__Brief descriptive captions__
┌──

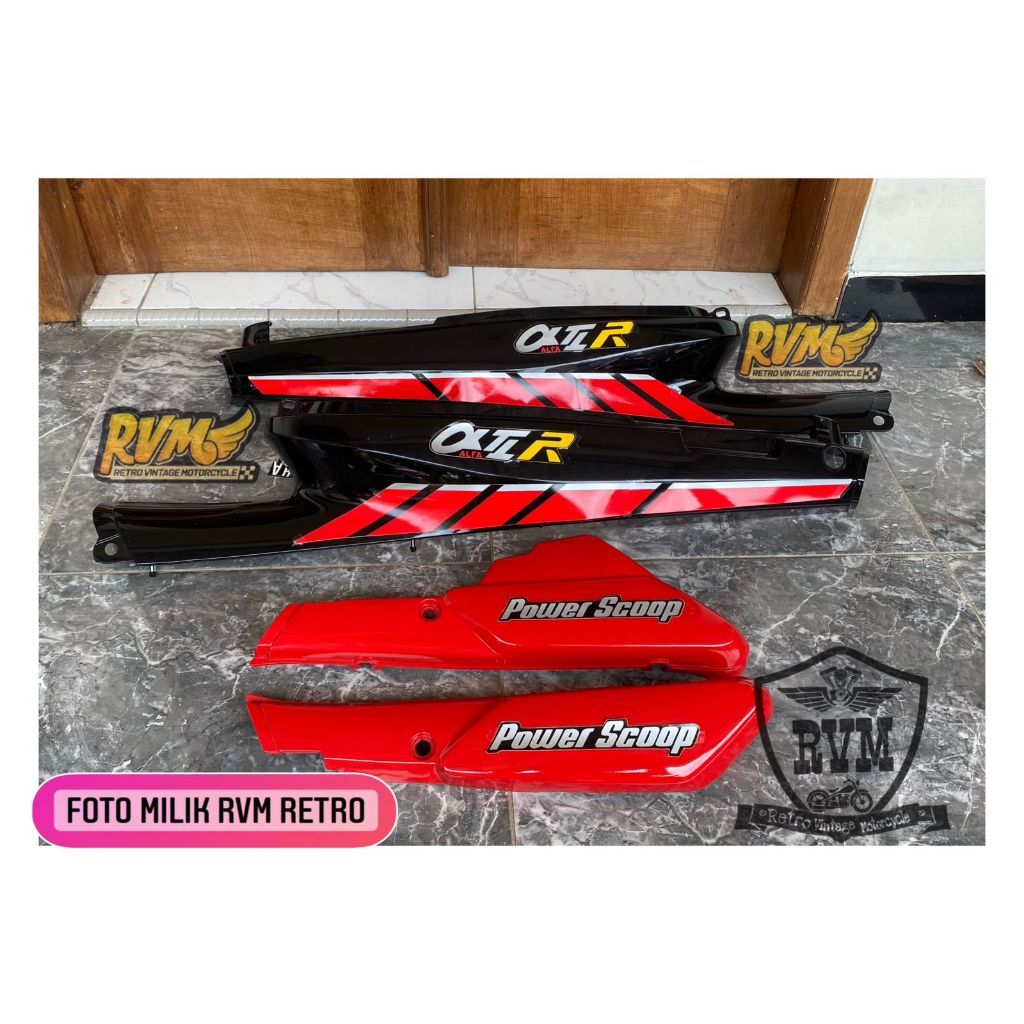 cover body yamaha alfa set bok aki alfa set striping yamaha alfa body set alfa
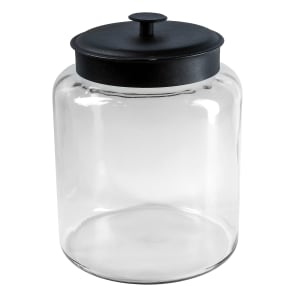 075-88908 2 1/2 gallon Modern Montana Jar, Black Metal Cover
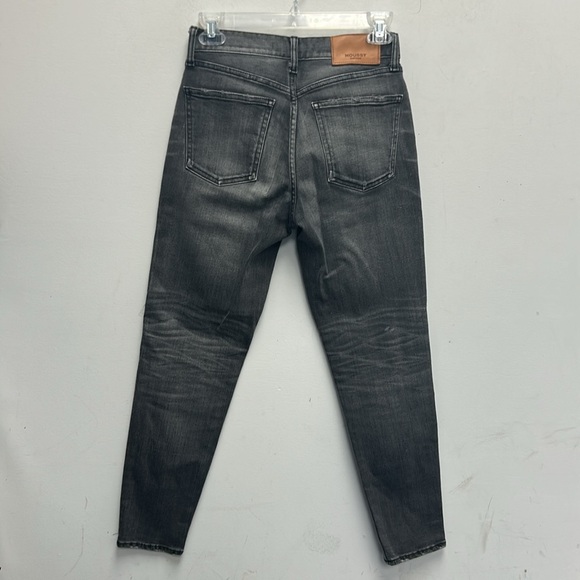 Moussy distressed faded Black Jeans - Picture 4 of 6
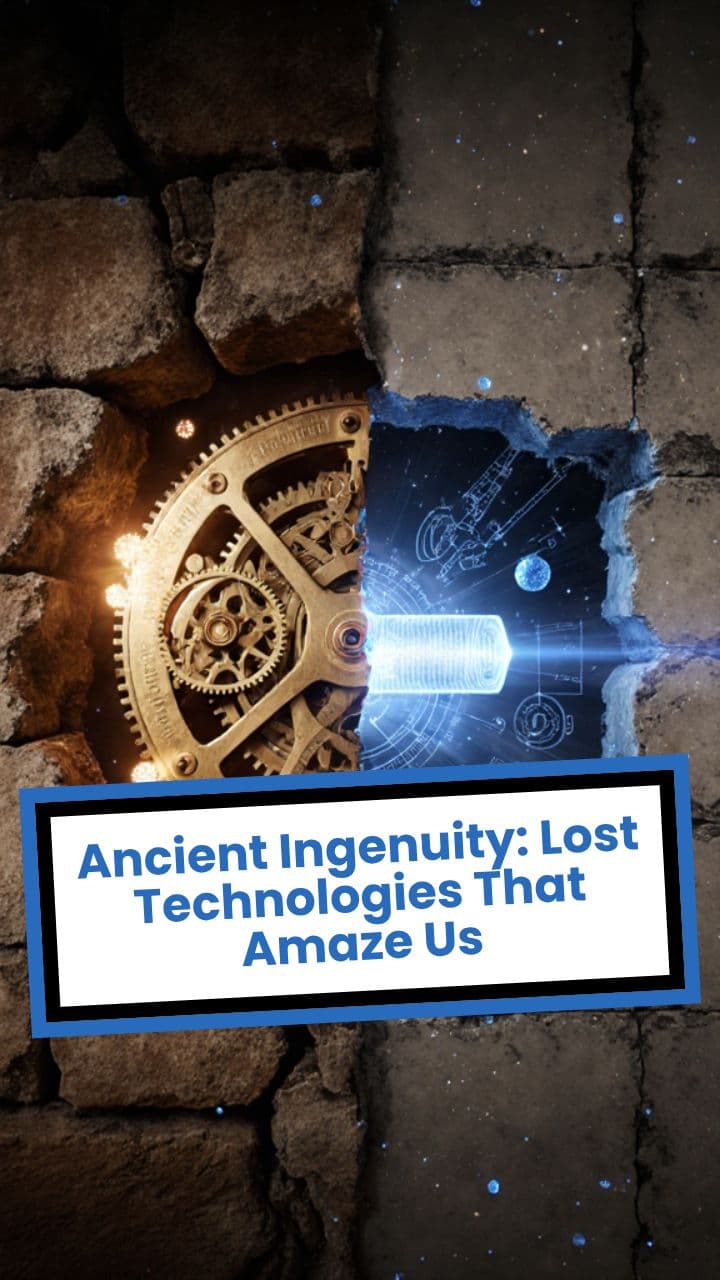 Ancient Ingenuity: Lost Technologies That Amaze Us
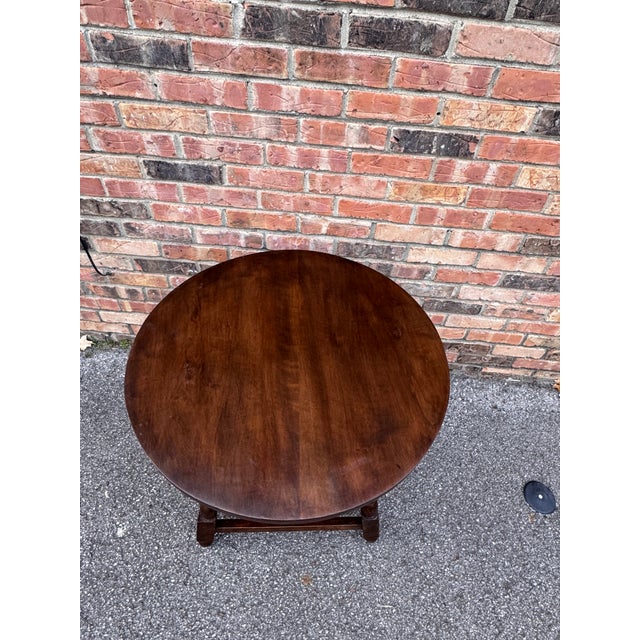 Antique English Round Side Table For Sale - Image 9 of 10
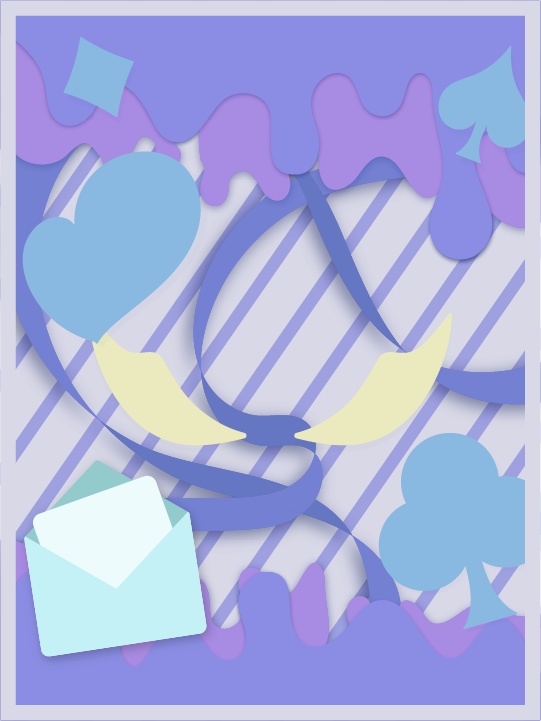 【無料素材】バレンタイン風おはV素材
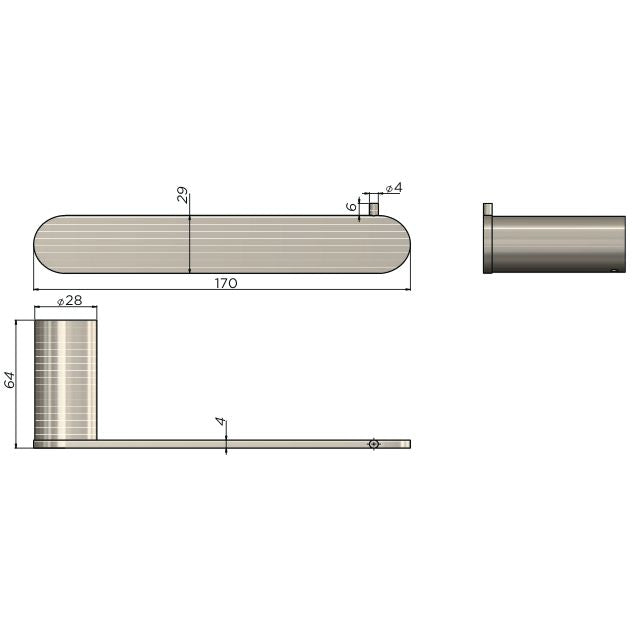 Meir Curvaé Toilet Roll Holder Brushed Nickel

└──

__What to work on__
Find the line with "Moussy distressed faded". Return it and each line after it through the end of the data, exactly, without pictures.

__Answer section__
 Moussy distressed faded Black Jeans - Picture 4 of 6
 Ancient Ingenuity: Lost Technologies That Amaze Us
 Antique English Round Side Table For Sale - Image 9 of 10
 【無料素材】バレンタイン風おはV素材
 Meir Curvaé Toilet Roll Holder Brushed Nickel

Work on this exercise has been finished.